(To do) Wherever the string "from" appears in the records, return the line that holds it.

Collection entries:
=== Begin Enclosure ===

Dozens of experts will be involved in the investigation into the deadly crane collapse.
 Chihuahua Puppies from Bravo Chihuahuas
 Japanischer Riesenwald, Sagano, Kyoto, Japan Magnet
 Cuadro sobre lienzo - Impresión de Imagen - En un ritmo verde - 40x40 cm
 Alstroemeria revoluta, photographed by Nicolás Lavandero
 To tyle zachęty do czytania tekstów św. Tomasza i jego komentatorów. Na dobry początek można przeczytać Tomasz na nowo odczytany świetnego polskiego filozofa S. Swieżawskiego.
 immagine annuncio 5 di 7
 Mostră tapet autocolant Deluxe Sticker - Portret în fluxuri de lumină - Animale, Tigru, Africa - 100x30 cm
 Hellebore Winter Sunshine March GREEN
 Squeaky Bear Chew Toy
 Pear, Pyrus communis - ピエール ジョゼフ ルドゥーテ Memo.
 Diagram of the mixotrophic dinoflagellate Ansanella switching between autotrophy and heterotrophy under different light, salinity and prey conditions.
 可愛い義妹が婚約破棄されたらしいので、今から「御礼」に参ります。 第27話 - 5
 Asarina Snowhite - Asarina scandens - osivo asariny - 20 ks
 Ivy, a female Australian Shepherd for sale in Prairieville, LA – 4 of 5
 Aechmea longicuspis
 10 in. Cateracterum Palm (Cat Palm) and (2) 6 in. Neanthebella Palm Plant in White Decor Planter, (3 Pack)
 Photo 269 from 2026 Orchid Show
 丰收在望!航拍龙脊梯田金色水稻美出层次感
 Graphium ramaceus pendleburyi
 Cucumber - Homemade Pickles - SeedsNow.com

=== End Enclosure ===

(Expected answer)
 Chihuahua Puppies from Bravo Chihuahuas
 Photo 269 from 2026 Orchid Show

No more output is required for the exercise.